# PROMPT:
Write out, word for word, the first line of the data below and every line after it through the one containing "Image showing Magnetic".

# Data extracted from a collection:
+ + + + + + +

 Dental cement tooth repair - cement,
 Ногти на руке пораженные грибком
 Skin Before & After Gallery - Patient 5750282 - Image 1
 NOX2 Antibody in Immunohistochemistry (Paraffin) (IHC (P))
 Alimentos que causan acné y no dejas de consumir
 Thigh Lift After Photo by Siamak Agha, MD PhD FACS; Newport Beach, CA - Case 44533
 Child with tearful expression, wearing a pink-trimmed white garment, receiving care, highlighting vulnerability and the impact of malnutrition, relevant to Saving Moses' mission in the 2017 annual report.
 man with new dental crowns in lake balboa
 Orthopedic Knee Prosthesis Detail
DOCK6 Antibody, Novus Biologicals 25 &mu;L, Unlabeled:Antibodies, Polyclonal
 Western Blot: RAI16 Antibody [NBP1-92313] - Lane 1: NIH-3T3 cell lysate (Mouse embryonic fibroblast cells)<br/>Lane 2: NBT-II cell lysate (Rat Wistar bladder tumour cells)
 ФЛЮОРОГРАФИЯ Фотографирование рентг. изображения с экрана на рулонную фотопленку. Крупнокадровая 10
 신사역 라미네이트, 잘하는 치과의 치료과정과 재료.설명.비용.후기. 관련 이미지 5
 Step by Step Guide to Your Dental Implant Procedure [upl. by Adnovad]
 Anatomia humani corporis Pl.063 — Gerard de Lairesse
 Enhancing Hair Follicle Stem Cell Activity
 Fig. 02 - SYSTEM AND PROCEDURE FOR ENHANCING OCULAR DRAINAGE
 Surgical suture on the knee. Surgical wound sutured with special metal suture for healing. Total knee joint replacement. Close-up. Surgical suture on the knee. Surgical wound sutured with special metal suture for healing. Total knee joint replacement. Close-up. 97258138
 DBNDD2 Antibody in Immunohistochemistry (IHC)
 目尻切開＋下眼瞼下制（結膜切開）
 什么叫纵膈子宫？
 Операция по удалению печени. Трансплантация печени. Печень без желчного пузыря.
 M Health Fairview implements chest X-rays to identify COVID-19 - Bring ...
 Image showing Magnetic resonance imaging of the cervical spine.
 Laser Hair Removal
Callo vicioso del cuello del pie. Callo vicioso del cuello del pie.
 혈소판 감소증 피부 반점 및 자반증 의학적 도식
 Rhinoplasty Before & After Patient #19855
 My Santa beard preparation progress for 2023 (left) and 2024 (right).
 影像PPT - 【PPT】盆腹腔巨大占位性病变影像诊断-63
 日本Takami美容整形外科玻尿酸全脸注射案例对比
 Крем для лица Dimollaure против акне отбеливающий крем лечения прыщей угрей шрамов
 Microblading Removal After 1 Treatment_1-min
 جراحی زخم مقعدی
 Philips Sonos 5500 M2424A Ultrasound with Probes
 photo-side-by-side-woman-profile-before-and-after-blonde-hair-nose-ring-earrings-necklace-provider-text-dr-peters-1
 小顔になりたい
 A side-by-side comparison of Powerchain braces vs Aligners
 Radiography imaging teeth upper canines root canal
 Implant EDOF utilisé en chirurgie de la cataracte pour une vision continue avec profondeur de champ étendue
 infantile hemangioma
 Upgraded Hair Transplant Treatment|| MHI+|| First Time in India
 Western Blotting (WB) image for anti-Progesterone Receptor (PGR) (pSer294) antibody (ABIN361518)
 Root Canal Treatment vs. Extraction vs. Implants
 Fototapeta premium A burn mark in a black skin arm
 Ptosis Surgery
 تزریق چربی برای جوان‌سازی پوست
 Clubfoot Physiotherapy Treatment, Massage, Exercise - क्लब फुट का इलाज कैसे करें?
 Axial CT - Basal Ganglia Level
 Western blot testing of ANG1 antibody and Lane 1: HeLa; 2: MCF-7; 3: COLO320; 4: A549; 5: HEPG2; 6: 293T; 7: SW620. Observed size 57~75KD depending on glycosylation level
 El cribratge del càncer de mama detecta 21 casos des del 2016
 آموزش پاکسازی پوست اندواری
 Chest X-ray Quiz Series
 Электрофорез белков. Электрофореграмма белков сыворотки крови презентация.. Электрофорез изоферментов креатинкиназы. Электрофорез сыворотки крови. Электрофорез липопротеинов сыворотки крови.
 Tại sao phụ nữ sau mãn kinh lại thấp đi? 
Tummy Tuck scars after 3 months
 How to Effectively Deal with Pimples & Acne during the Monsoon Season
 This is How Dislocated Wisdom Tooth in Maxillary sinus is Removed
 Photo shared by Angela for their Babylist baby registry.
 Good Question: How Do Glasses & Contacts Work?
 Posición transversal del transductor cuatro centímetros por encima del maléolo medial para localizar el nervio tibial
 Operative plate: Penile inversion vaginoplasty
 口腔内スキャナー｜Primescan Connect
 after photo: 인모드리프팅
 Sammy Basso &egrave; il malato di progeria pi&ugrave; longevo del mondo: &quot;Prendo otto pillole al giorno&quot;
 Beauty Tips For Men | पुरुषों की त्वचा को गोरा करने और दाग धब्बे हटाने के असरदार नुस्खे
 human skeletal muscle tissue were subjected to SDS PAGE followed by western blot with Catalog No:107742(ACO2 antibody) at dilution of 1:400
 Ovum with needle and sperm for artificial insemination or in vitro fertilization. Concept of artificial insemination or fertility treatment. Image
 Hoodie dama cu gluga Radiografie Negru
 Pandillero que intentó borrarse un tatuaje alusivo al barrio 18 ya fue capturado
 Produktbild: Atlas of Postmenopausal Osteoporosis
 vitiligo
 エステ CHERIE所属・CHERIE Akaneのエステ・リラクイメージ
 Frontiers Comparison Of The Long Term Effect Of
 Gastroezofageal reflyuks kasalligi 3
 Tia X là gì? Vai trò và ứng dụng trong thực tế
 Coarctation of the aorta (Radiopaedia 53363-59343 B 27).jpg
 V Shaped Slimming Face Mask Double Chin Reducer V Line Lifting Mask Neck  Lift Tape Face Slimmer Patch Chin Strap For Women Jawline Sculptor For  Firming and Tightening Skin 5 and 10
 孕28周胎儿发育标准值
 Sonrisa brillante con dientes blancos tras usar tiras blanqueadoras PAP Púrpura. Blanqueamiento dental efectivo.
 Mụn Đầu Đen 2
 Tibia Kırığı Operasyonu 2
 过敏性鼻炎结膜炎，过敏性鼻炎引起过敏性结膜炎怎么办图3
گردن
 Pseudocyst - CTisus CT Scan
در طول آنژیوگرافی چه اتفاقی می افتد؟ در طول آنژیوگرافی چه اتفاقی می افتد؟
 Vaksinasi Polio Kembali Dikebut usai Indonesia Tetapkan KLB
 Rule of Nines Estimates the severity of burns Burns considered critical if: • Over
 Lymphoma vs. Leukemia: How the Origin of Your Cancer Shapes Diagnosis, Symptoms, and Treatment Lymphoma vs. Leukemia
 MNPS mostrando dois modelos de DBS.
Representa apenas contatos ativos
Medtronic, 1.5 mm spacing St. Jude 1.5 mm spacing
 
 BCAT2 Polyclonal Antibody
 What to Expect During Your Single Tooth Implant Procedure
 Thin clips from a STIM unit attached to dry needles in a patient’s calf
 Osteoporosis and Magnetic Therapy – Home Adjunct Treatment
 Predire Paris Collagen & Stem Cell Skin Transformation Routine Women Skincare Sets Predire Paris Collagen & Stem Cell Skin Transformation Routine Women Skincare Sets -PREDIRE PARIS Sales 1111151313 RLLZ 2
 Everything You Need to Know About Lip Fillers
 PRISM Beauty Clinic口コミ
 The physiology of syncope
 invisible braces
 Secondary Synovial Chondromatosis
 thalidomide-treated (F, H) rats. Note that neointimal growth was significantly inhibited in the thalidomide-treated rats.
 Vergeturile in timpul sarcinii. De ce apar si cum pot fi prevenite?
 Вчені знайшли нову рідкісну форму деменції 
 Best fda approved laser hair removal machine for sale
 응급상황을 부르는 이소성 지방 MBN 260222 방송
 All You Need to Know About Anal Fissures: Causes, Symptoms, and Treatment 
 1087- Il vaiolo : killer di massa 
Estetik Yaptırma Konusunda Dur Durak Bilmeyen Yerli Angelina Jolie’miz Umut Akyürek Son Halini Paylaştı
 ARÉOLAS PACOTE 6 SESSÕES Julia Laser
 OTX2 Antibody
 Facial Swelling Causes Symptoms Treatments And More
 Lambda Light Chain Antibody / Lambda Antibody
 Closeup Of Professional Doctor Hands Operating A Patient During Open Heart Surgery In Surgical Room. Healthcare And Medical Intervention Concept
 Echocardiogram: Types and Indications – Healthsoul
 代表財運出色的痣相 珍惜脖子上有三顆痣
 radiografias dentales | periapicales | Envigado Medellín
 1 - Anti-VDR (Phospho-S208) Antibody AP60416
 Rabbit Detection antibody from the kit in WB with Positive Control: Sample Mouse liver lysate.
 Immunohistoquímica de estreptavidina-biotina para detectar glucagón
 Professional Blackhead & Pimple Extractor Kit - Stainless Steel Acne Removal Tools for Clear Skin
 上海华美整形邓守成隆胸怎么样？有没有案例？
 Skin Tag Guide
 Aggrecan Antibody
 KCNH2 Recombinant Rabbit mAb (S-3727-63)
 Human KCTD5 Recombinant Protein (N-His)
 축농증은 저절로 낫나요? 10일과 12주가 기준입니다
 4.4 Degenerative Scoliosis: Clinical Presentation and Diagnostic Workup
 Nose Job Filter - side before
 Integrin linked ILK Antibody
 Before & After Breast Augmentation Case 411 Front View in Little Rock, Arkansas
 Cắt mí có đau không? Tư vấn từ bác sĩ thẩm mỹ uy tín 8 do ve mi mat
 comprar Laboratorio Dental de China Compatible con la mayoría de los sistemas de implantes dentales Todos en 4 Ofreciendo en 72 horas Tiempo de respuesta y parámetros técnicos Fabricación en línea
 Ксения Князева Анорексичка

+ + + + + + +

# SOLUTION FOR THIS PROBLEM:
 Dental cement tooth repair - cement,
 Ногти на руке пораженные грибком
 Skin Before & After Gallery - Patient 5750282 - Image 1
 NOX2 Antibody in Immunohistochemistry (Paraffin) (IHC (P))
 Alimentos que causan acné y no dejas de consumir
 Thigh Lift After Photo by Siamak Agha, MD PhD FACS; Newport Beach, CA - Case 44533
 Child with tearful expression, wearing a pink-trimmed white garment, receiving care, highlighting vulnerability and the impact of malnutrition, relevant to Saving Moses' mission in the 2017 annual report.
 man with new dental crowns in lake balboa
 Orthopedic Knee Prosthesis Detail
DOCK6 Antibody, Novus Biologicals 25 &mu;L, Unlabeled:Antibodies, Polyclonal
 Western Blot: RAI16 Antibody [NBP1-92313] - Lane 1: NIH-3T3 cell lysate (Mouse embryonic fibroblast cells)<br/>Lane 2: NBT-II cell lysate (Rat Wistar bladder tumour cells)
 ФЛЮОРОГРАФИЯ Фотографирование рентг. изображения с экрана на рулонную фотопленку. Крупнокадровая 10
 신사역 라미네이트, 잘하는 치과의 치료과정과 재료.설명.비용.후기. 관련 이미지 5
 Step by Step Guide to Your Dental Implant Procedure [upl. by Adnovad]
 Anatomia humani corporis Pl.063 — Gerard de Lairesse
 Enhancing Hair Follicle Stem Cell Activity
 Fig. 02 - SYSTEM AND PROCEDURE FOR ENHANCING OCULAR DRAINAGE
 Surgical suture on the knee. Surgical wound sutured with special metal suture for healing. Total knee joint replacement. Close-up. Surgical suture on the knee. Surgical wound sutured with special metal suture for healing. Total knee joint replacement. Close-up. 97258138
 DBNDD2 Antibody in Immunohistochemistry (IHC)
 目尻切開＋下眼瞼下制（結膜切開）
 什么叫纵膈子宫？
 Операция по удалению печени. Трансплантация печени. Печень без желчного пузыря.
 M Health Fairview implements chest X-rays to identify COVID-19 - Bring ...
 Image showing Magnetic resonance imaging of the cervical spine.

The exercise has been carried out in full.